Next: 8.7 Development Release Series
Up: 8. Condor Version History
Previous: 8.5 Development Release Series
Contents
Index
Subsections
8.6 Stable Release Series 6.2
This is the second stable release series of Condor.
All of the new features developed in the 6.1 series are now considered
stable, supported features of Condor.
New releases of 6.2.0 should happen infrequently and will only include
bug fixes and support for new platforms.
New features will be added and tested in the 6.3 development series.
The details of each version are described below.
8.6.1 Version 6.2.2
New Features:
- Man pages are now included in the Condor distribution for UNIX.
- Condor administrators can now specify
CONDOR_SUPPORT_EMAIL in their config file.
This address is included at the bottom of all email Condor sends out.
Previously, the CONDOR_ADMIN setting was used for this, but
at many sites, the address where the Condor daemons should send email
about administrative problems is not the same address that users
should use for technical support.
If your site has different addresses for these two things, you can now
specify them properly.
- There is a new macro automatically defined by Condor for use in
your config files: IP_ADDRESS .
If you refer to $(IP_ADDRESS), it will be replaced with the
ASCII string version of the local host's IP address.
Bugs Fixed:
- Fixed a bug with the scheduler universe where if one or more of
the stderr, stdout, or stdin files of a scheduler universe job couldn't
be opened, the condor_ schedd would leak file descriptors.
- Fixed the default startd policy expressions that are shipped
with Condor.
When you upgrade Condor, if you keep your old condor_config
file and do not use the new one we ship with the Condor binaries, we
highly recommend you open the <release_dir>/etc/condor/config.generic
file and see what's changed.
Carefully read part 3, see what's different from your existing policy
expressions, and make the relevent changes to your own expressions.
Here is a summary of the improvements made:
- The policy expressions now use CpuBusyTime to avoid
problems with faulty values for CondorLoadAvg.
For certain kinds of jobs (mostly vanilla jobs), the old policy
could cause the jobs to cycle between the running and suspended
states.
- The policy macros that refered to JobUniverse and
ImageSize now use ``TARGET.'' to ensure we're refering to the
right ClassAd to find those attributes.
Our old policy used to make important decisions based on the
universe and image size of the job it was planning to run, but
instead, it was using the values from the job that was currently
running.
- Added verbose comments to explain the policy in English.
- If condor_ compile can not find the condor_ config_val
program, condor_ compile can not work.
In previous versions, condor_ compile would try to perform the
compilation and fail in an unclear way with cryptic error messages.
Now, condor_ compile detects this case, prints out a verbose error
message, and exits.
- The FILESYSTEM_DOMAIN and UID_DOMAIN settings were
not being automatically append to the requirements of a Vanilla-universe job,
possibly causing it to run on machines where it will not successfully run.
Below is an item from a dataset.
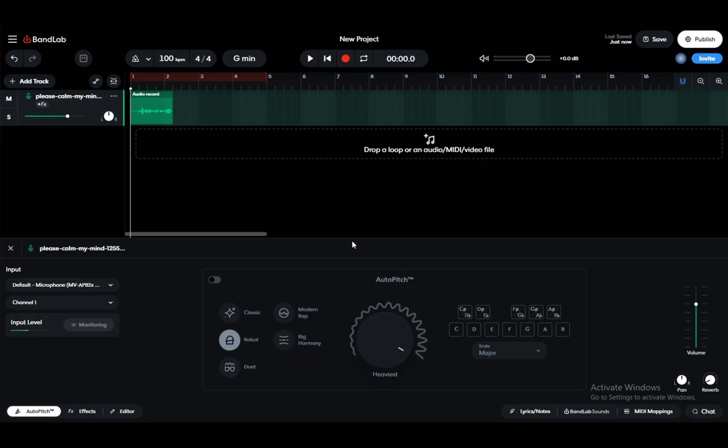Hey guys, what is going on? I hope you guys are all doing well and welcome to another tutorial video. In this video I'll be explaining to you guys how you can pitch up your vocals in BandLab, so let's get right into it.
This
has been fixed.
- The getdirentries call was not being trapped, causing a few applications
to fail running inside of Condor.
- When the NT shadow and the Unix shadow were used in conjunction with each
other during the submission of heterogeneous jobs, they conflicted in where
they should store their Condor internal files. This would cause extremely
long hangs where the job was listed as running but no job actually started.
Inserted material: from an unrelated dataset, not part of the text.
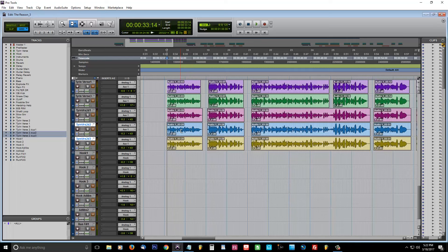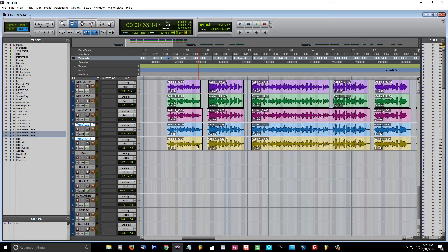Now, we're going to have the original take. That's going to be our center track and then we're going to have these other two be panned to the left and to the right. That way, it's not only going to make our vocals sound more powerful because we have three of them, we're going to actually widen the stereo field to make them sound cleaner and crisper.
This has been fixed and now you can mix the NT shadow and Unix shadow
together just fine during heterogeneous submits.
- Numerous additions/clarifications to sections of the manual to bring
the manual up to date with the source base.
- Fixed a bug where if you set MAX_JOBS_RUNNING to zero in the
config files, the schedd would fail with a floating point error.
- PVM support for Solaris 2.8 was mistakenly turned off in 6.2.1,
it has been turned back on again.
- Added exit status of Condor tools and daemons to the manual.
- Fixed a bug in the schedd where it would segfault if it manipulated
class ads in a certain way.
- Fixed stat() and lstat() to ask the shadow where the
file was that it was trying to locate instead of assuming it was always going
to be remote I/O.
- Fixed a bug where Condor would incorrectly inform you that it
didn't have read/write permission on a file located in NFS when you
actually did have permission to read/write it.
- Removed mention of condor_ master_off since it was deprecated a
long time ago and is not available anymore.
- Removed mention of condor_ reconfig_schedd since it was deprecated a
long time ago and is not available anymore.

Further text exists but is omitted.